The two-story high red brick building is shaped into an octagonal cylinder. Each side of the octagon has a dormer window and a decorative wall. During the Japanese colonial era, the Red House was turned into a venue for Peking opera and crosstalk performances in the early 20th century. The place became a movie theater in the 1970s', ushering in the beginning of Ximenting's cinema culture. Now the Red House is both a teahouse and a venue for small-scale theater productions.
Shaped like a pound sign, the Taipei Fine Art Museum is a traditional siheyuan courtyard with a modern edge. At night the artfully lighted museum is an eye-catching landmark. The museum hosts many international exhibitions.
Converted from the 2010 Taipei International Flora Expo, the TAIPEI EXPO PARK is an urban recreational facility that comprises three typical park areas (Yuanshan, Taipei Fine Arts Museum and Xinsheng) while offering venues for the hosting of various events in the former Flora Expo’s pavilions.
Hot springs in Xinbeitou with high temperature and many sources are caused by the terrestrial heat of Datun Mountains. Thermal valley is one of the earliest hot spring sources found in Taiwan.
Beitou hot spring has been famous since Japanese colonial times. The area is around with historic monuments and natural scenic spots. Beitou Museum, Yinsong Building, Xingnai Spring, Beitou Library, Beitou Hot Spring Park, and the Folk Museum connect into a hot spring route.
Of all Taiwan’s national parks, Yangmingshan is the one located closest to a metropolitan center. Yangmingshan features a widely varying terrain, diverse ecology, and is home to numerous protected species. If you’re lucky, you might even catch a glimpse of one of Taiwan’s endemic bird species—the Formosan Blue Magpie.
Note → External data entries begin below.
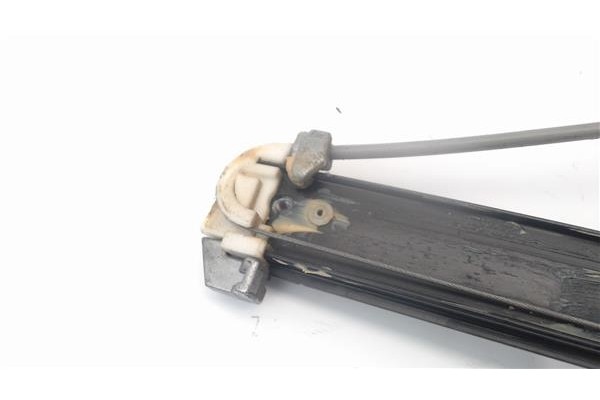 Recambio de mecanismo elevalunas trasero izquierdo para toyota avensis berlina (t25) referencia OEM IAM 6982005040  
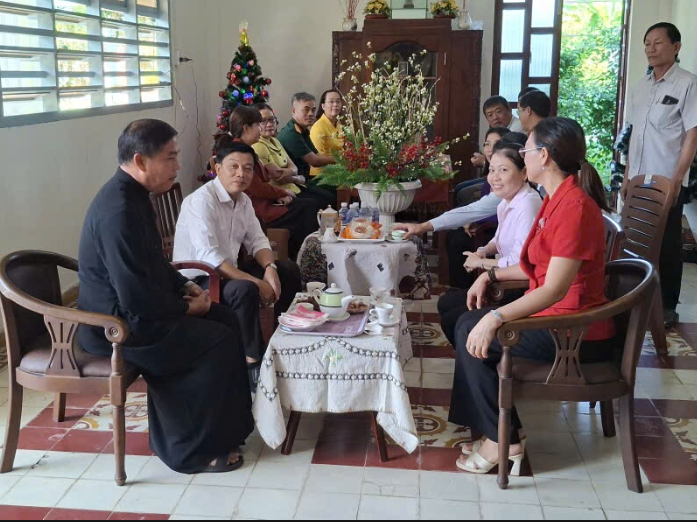 Thăm chúc mừng giáng sinh 2025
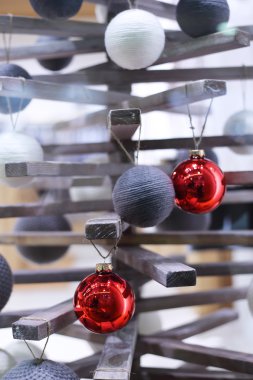 Baubles ile modern ahşap dekoratif Noel ağacı
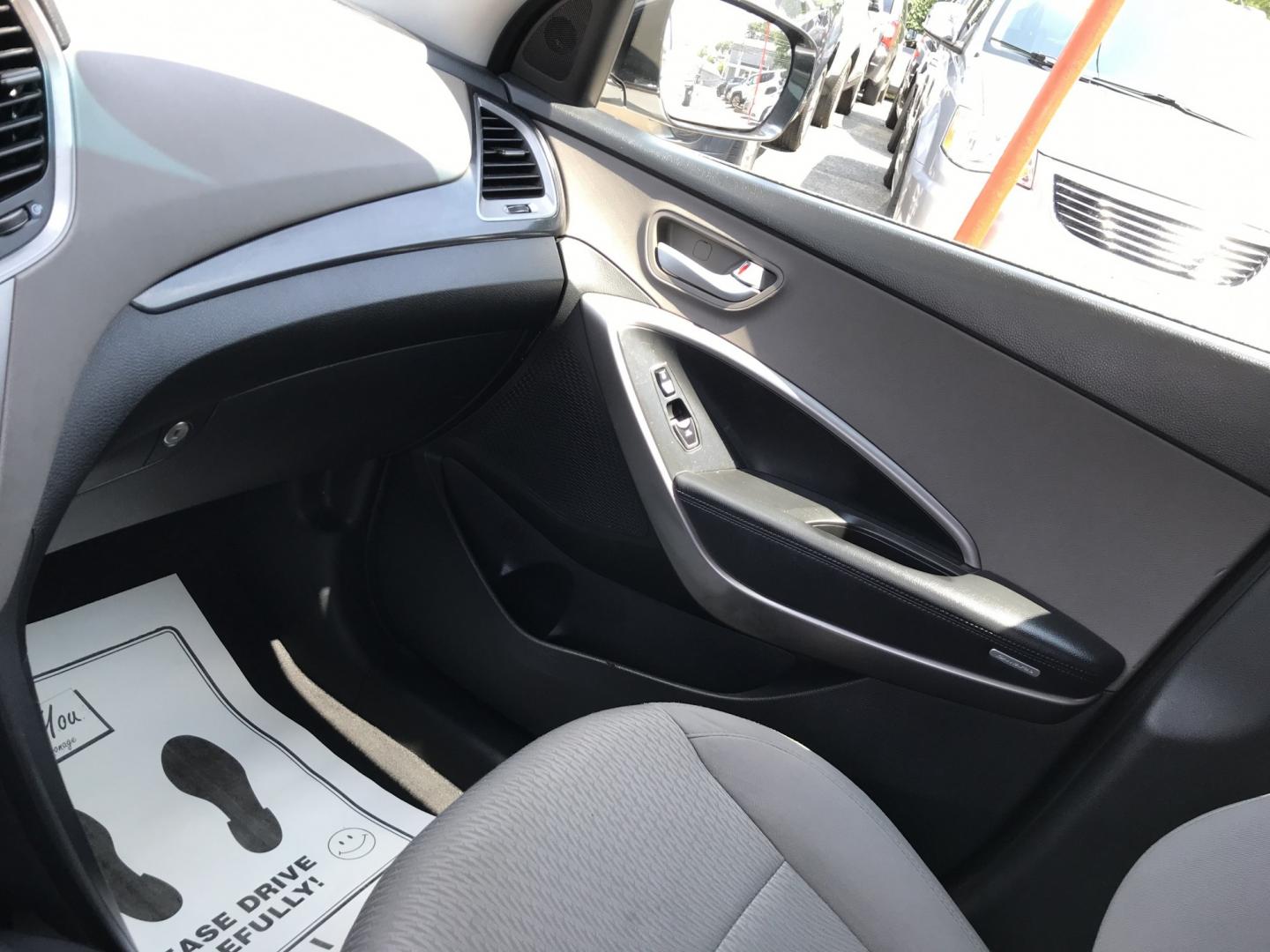 2016 White /Gray Hyundai Santa Fe Sport 2.4 AWD (5XYZTDLB6GG) with an 2.4L L4 DOHC 16V engine, 6A transmission, located at 577 Chester Pike, Prospect Park, PA, 19076, (610) 237-1015, 39.886154, -75.302338- Photo#15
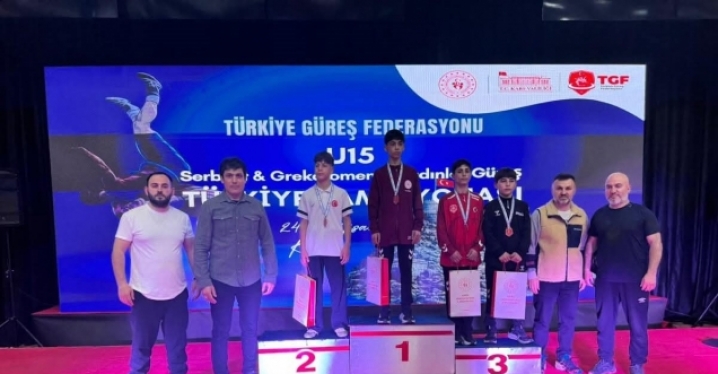 Yunusemreli güreşçi Kalay’dan bronz madalya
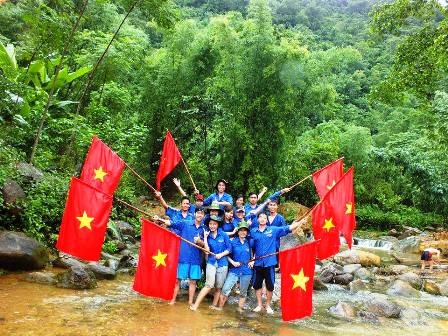 Cô sinh viên quê lúa giàu thành tích - 4 Không chỉ học tập tốt, Hồi còn tham gia các hoạt động tình nguyện ở vùng sâu vùng xa.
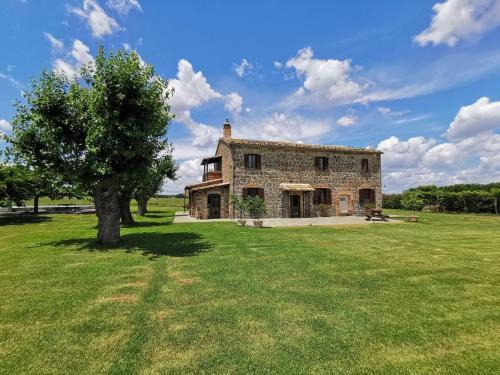 Castiglione in Teverina House | Rustic Farmhouse in Lazio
The park is full of plum, cherry, peach and pear trees, rhododendrons, etc. In spring, the cherry blossoms never fail to draw crowds. After cherry blossom season, about mid-March, it’s time for the calla lilies at Bamboo Lake (Zhu-zi-hu) to take center stage. Visitors go into the fields and pick calla lillies to take home with them—it’s become a must-do event for this time of a year!
Perhaps one of the most distinctive features in the park is the “Flower Clock,” composed of a variety of colorful seasonal flowers. When visiting Yangmingshan, be sure to take a photo to prove you’ve seen this famous landmark! Also worth checking are popular sights like the Hsiao-you-keng (“Small Oil Pit”), Ching-tien-kang (Qing-tian Hill) Leng-shui-keng (“Cold Water Pit”), and Yangming Archive House. If you enjoy an invigorating hike, these will be right up your alley!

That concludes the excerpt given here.